Tyler esitò: fece scorrere lo sguardo sull'espressione cupa del Cacciatore, per poi incontrare quella più arrabbiata della dragonessa, quella inespressiva di Zhore, subito accanto, e fare il giro, sul viso disgustato dello spettro, e sui tratti orientali di Rinae, che si asciugava le guance bagnate. Gli occhi scuri e speranzosi dell'Evocatore, tuttavia, furono gli unici ad ispirargli un po' di fiducia. 

Il Capo Portinaio si sarebbe arrabbiato, oh se si sarebbe arrabbiato.
Ma d'altronde lui lo sapeva, che gli Skreenight erano tutti fuori dai Timely, no?
Era lui stesso che ci voleva parlare, era stato lui stesso a chiedere a Nana di portarglieli.
In quel frangente, poi, ciò che Tyler voleva di più in assoluto era far smettere quel dolore insopportabile.

«Ok, I'm in, basta che mi togliete quest'affare, non ce la faccio più...» annuì il ragazzo, docilmente, «Vi ci porto io, dal Capo Portinaio.»

- - -

Le iridi scarlatte di Nana fecero capolino dalla fessura fatta di pietra, poco più sopra l'angolo in cui la parete s'incontrava col pavimento, in quel che era un cunicolo conosciuto solo ai Portinai. Da quella posizione, la piccola stanza all'ottavo piano del castello le era visibile quasi interamente. 

Io scesi dalla sua spalla, zampettando sul pavimento polveroso, sistemandomi meglio, infine, su un mattone un po' più sporgente.

«Voglio proprio vedere, come finirà male tutta questa faccenda» le dissi, con aria stanca, lisciandomi le penne di un'ala col becco.
«Shh!» mi rispose la ragazzina, afferrando i bordi della fessura rettangolare con entrambe le mani e osservandoci attraverso con tutta la sua concentrazione.

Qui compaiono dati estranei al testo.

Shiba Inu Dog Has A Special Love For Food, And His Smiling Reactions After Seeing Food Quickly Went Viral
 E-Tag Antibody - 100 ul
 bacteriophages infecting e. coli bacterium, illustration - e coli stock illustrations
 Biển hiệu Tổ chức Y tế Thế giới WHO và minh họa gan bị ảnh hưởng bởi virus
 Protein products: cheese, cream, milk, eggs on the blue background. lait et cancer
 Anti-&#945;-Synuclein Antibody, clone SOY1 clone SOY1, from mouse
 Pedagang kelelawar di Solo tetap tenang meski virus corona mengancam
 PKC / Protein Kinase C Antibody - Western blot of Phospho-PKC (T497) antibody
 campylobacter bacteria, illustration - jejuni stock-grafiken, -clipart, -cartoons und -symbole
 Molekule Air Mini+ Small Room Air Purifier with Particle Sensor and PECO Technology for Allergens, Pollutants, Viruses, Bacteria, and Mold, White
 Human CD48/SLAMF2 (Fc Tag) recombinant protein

Davanti ai suoi occhi, Eveline ed Evangeline stavano parlando nella loro lingua.

Discutevano tra loro già da quando eravamo arrivate, ma se dapprima la conversazione era parsa più calma e colloquiale, ora si faceva poco alla volta sempre più dinamica: i toni delle due streghe stavano cominciando ad alzarsi ed inasprirsi. 

«Tanto non lo capisci, quello che si stanno dicendo» insistetti, inclinando un po' di lato la testa, «Torniamo indietro, dai. Victor ti sta aspettando.»

Nana si voltò verso di me, lentamente: il suo viso brillava di follia e soddisfazione.
«Cross, ma non capisci? Questa è la notte più bella della mia vita!»